### DATA FOR REVIEW
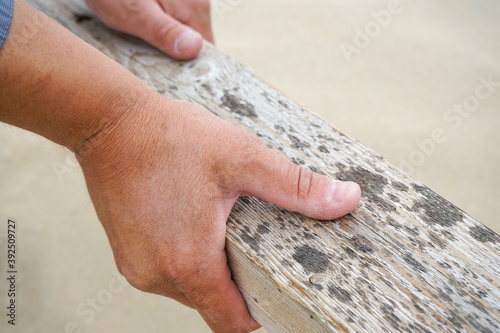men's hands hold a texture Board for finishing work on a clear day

...

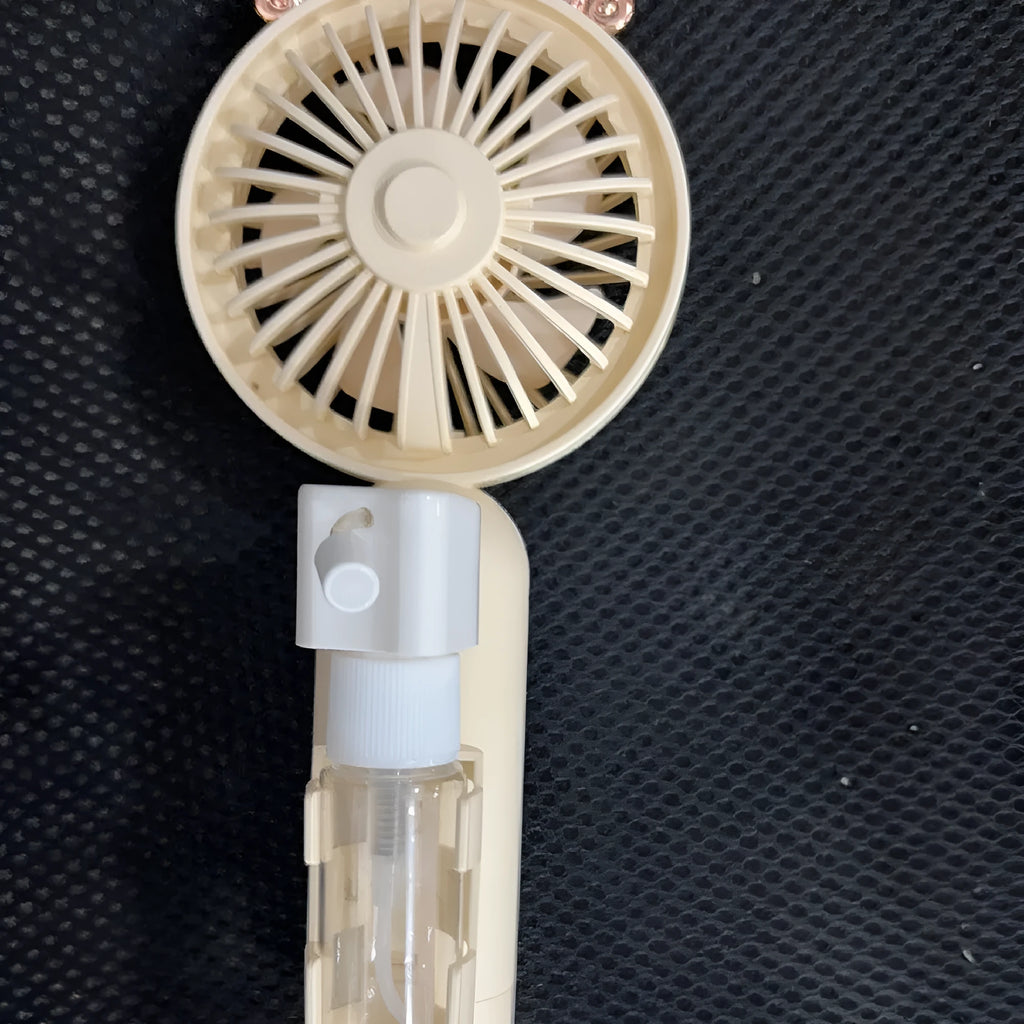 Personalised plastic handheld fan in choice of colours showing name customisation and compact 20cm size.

* * *

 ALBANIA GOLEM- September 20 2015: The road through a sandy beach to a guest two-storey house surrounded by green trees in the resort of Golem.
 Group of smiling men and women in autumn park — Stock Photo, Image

### WHAT THE TASK ASKS
Given the records above, reproduce precisely and only the lines between the line holding "ALBANIA GOLEM- September" and the line holding "Group of smiling", inclusive.

### SOLUTION TO THE EXERCISE
 ALBANIA GOLEM- September 20 2015: The road through a sandy beach to a guest two-storey house surrounded by green trees in the resort of Golem.
 Group of smiling men and women in autumn park — Stock Photo, Image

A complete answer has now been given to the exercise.